AVAILABLE DATA -
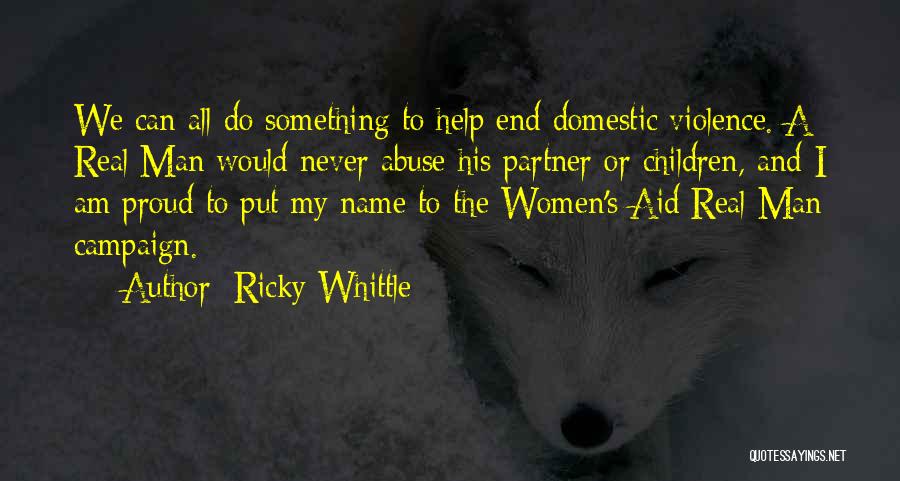 Ricky Whittle Quotes: We Can All Do Something To Help End Domestic Violence. A Real Man Would Never Abuse His Partner Or Children,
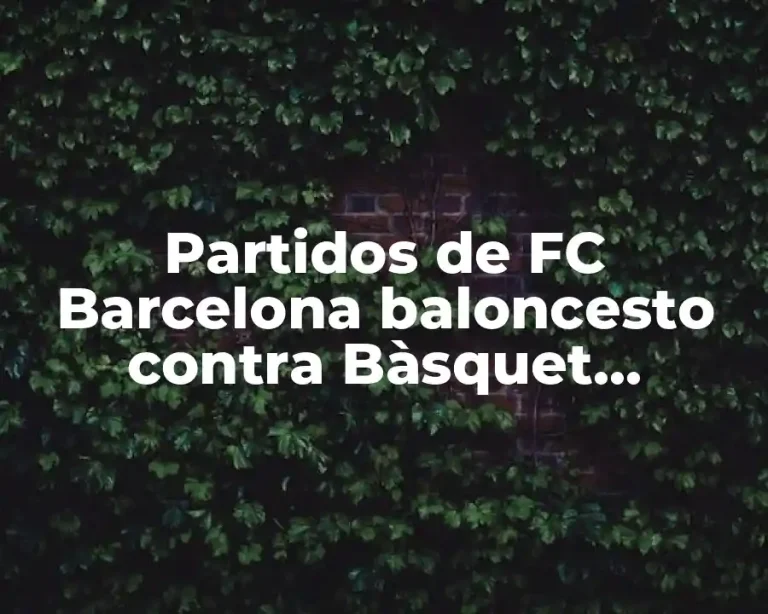 Partidos de FC Barcelona baloncesto contra Bàsquet Manresa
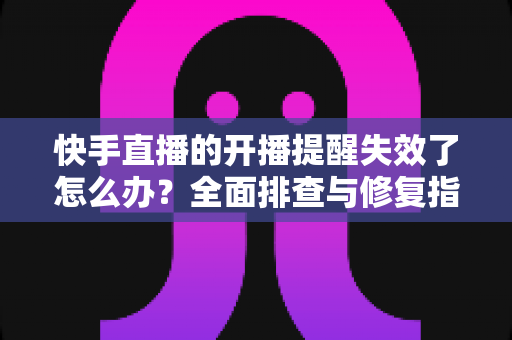 快手直播的开播提醒失效了怎么办?全面排查与修复指南助你不再错过任何精彩直播 快手直播的开播提醒失效了怎么办?全面排查与修复指南助你不再错过任何精彩直播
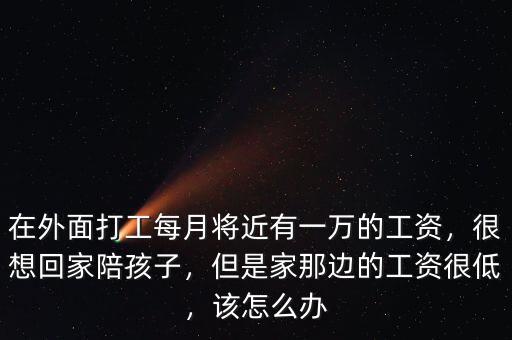 在外面打工每月將近有一萬的工資，很想回家陪孩子，但是家那邊的工資很低，該怎么辦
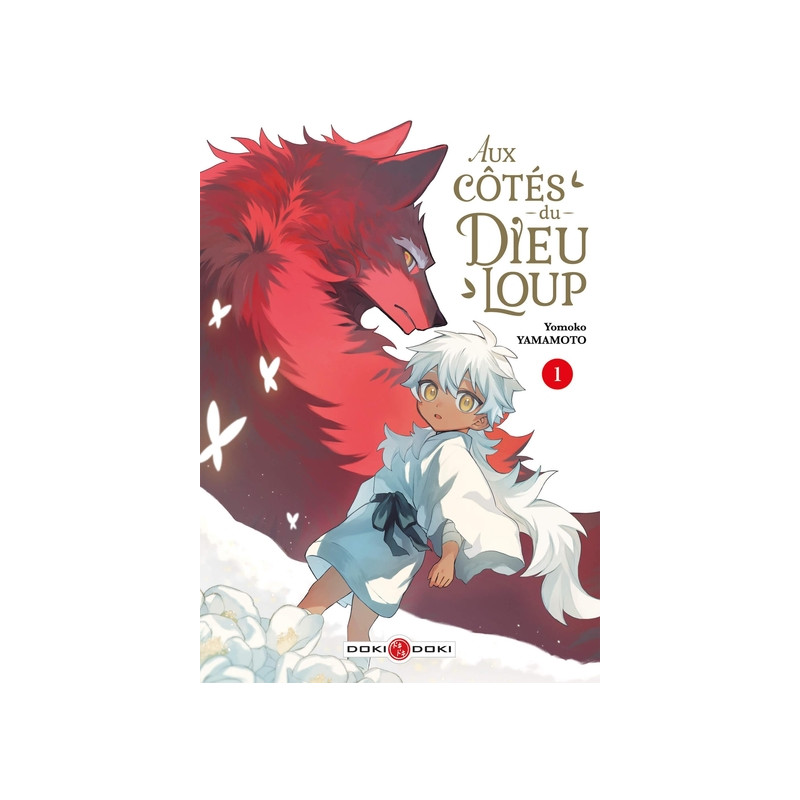 Aux côtés du Dieu-Loup - vol. 01
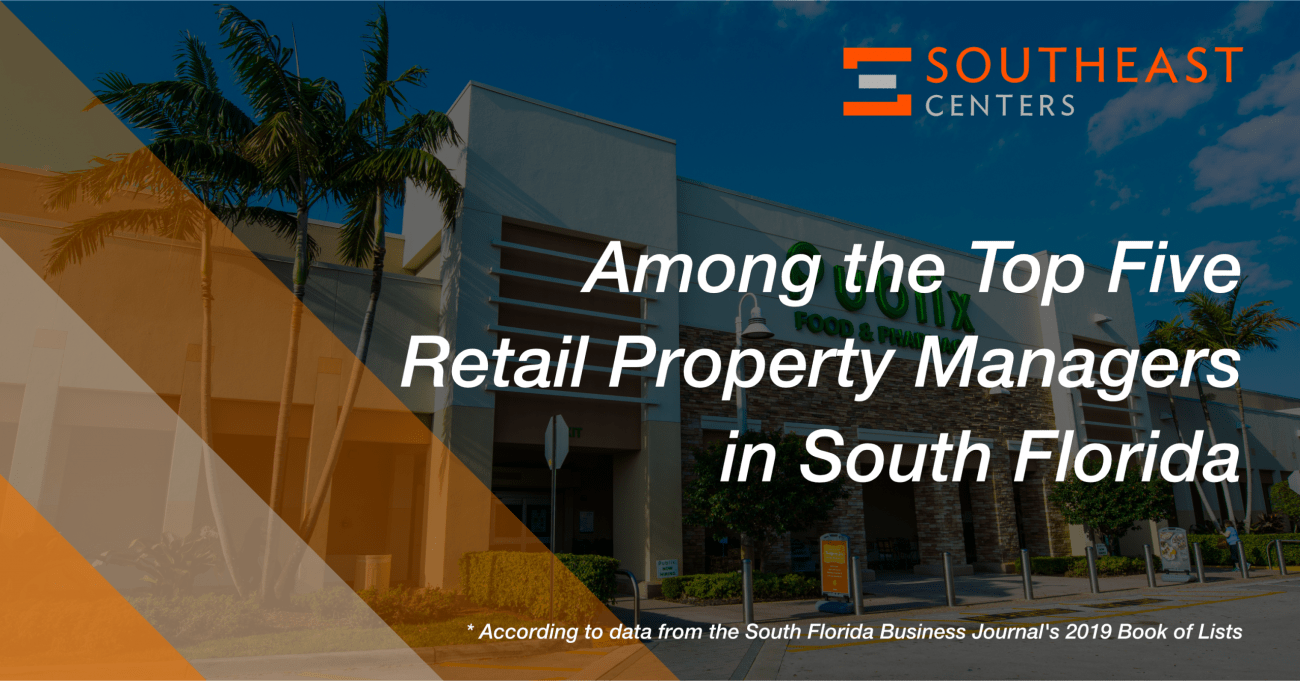 Southeast Centers Recognized as Leader in South Florida Retail Management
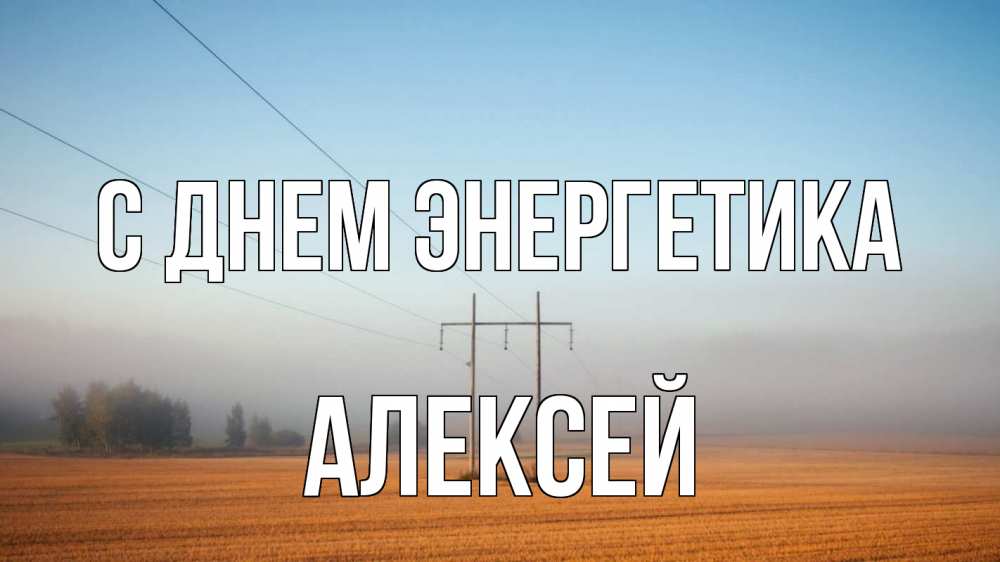 Открытка на каждый день с именем, Алексей С днем энергетика ЛЭП столбы Прикольная открытка с пожеланием онлайн скачать бесплатно 
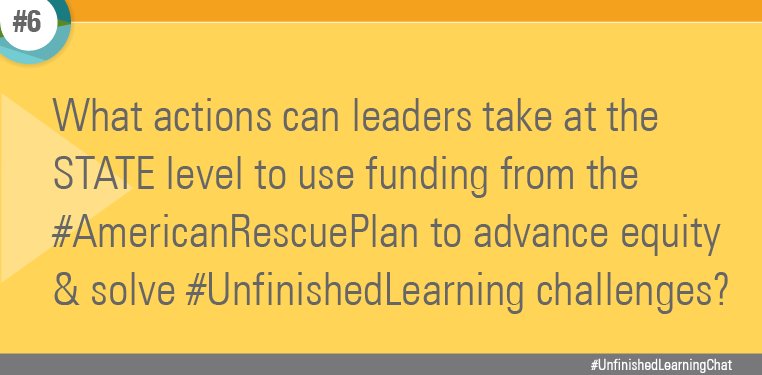 EdTrust's tweet image. Q6: What actions can leaders take at the STATE level to use funding from the #AmericanRescuePlan to advance equity &amp;amp; solve #UnfinishedLearning challenges? #UnfinishedLearningChat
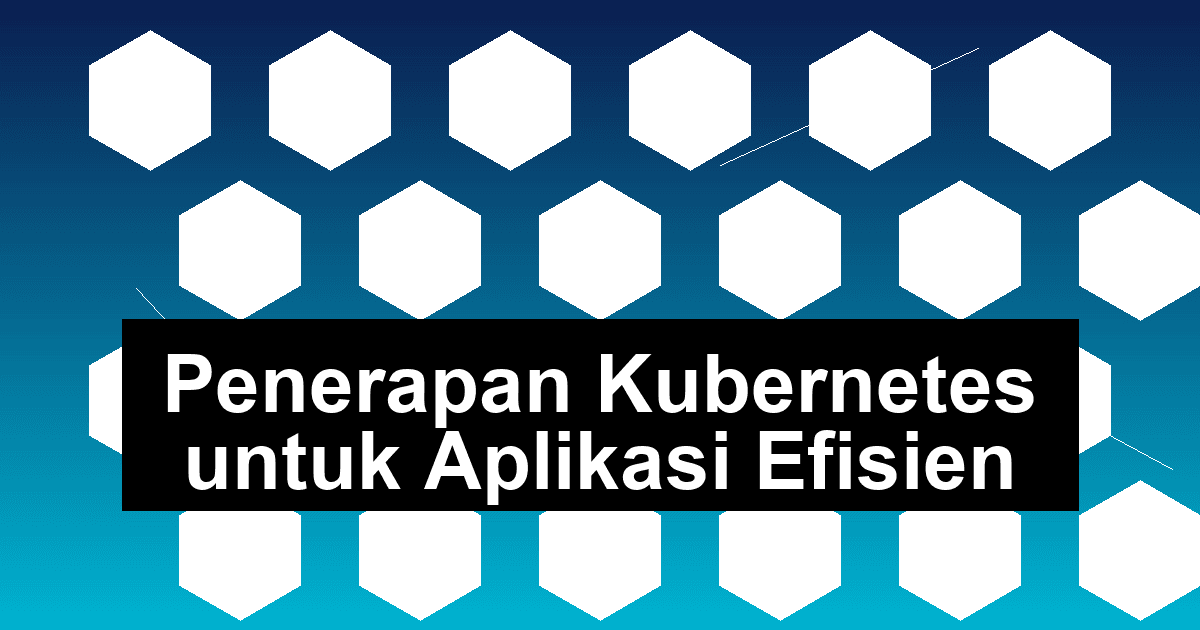 Penerapan Kubernetes untuk Aplikasi Efisien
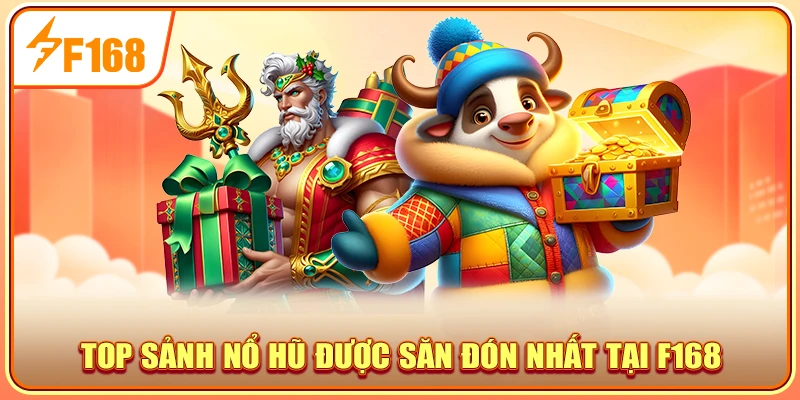 Top sảnh nổ hũ được săn đón nhất tại F168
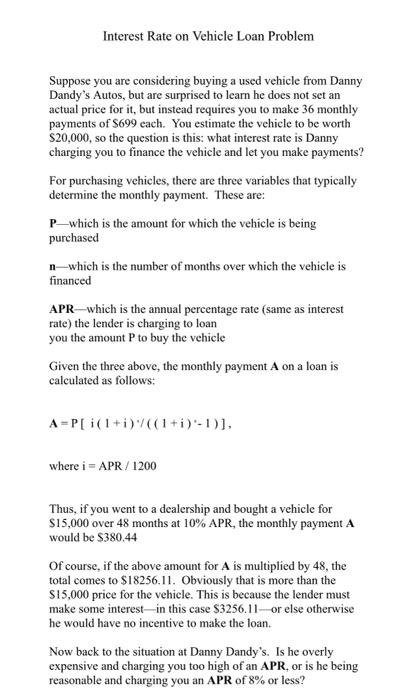 Solved Interest Rate on Vehicle Loan Problem Suppose you are | Chegg.com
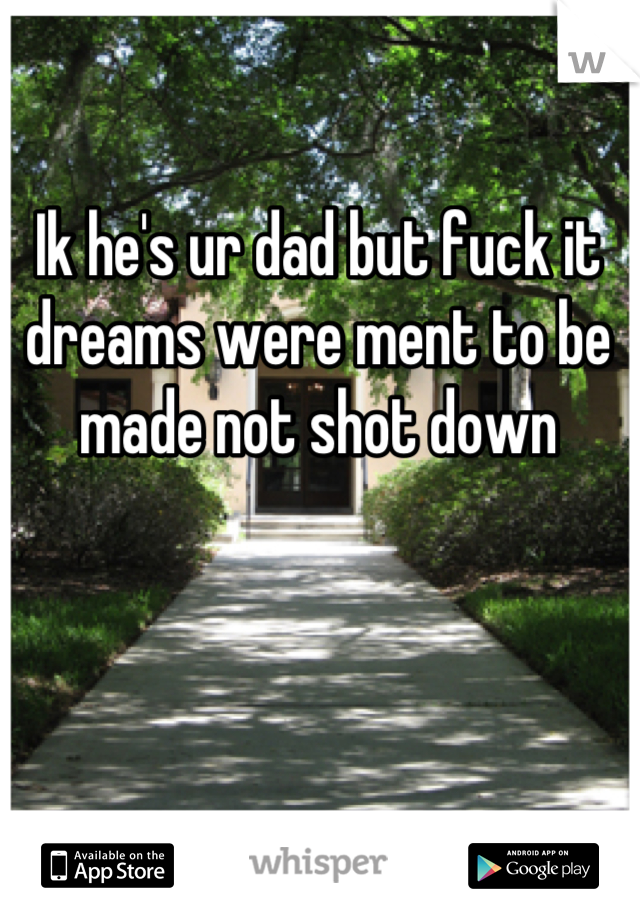 Ik he's ur dad but fuck it dreams were ment to be made not shot down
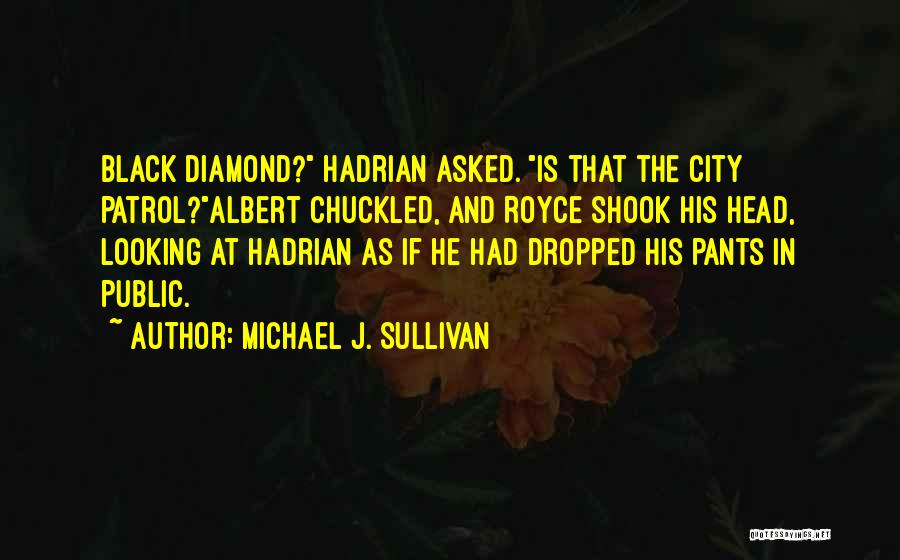 Michael J. Sullivan Quotes: Black Diamond? Hadrian Asked. Is That The City Patrol?albert Chuckled, And Royce Shook His Head, Looking At Hadrian As If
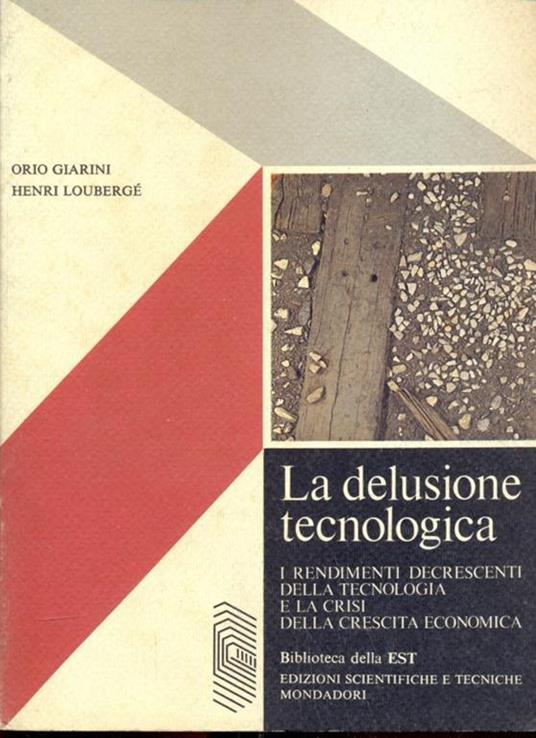 La delusione tecnologica - Orio Giarini - copertina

EXERCISE OBJECTIVE - Make an exact copy of the lines from the top of the material through the line with "Ik he's ur dad", pictures excluded.

TASK OUTPUT -
 Ricky Whittle Quotes: We Can All Do Something To Help End Domestic Violence. A Real Man Would Never Abuse His Partner Or Children,
 Partidos de FC Barcelona baloncesto contra Bàsquet Manresa
 快手直播的开播提醒失效了怎么办?全面排查与修复指南助你不再错过任何精彩直播 快手直播的开播提醒失效了怎么办?全面排查与修复指南助你不再错过任何精彩直播
 在外面打工每月將近有一萬的工資，很想回家陪孩子，但是家那邊的工資很低，該怎么辦
 Aux côtés du Dieu-Loup - vol. 01
 Southeast Centers Recognized as Leader in South Florida Retail Management
 Открытка на каждый день с именем, Алексей С днем энергетика ЛЭП столбы Прикольная открытка с пожеланием онлайн скачать бесплатно 
 EdTrust's tweet image. Q6: What actions can leaders take at the STATE level to use funding from the #AmericanRescuePlan to advance equity &amp;amp; solve #UnfinishedLearning challenges? #UnfinishedLearningChat
 Penerapan Kubernetes untuk Aplikasi Efisien
 Top sảnh nổ hũ được săn đón nhất tại F168
 Solved Interest Rate on Vehicle Loan Problem Suppose you are | Chegg.com
 Ik he's ur dad but fuck it dreams were ment to be made not shot down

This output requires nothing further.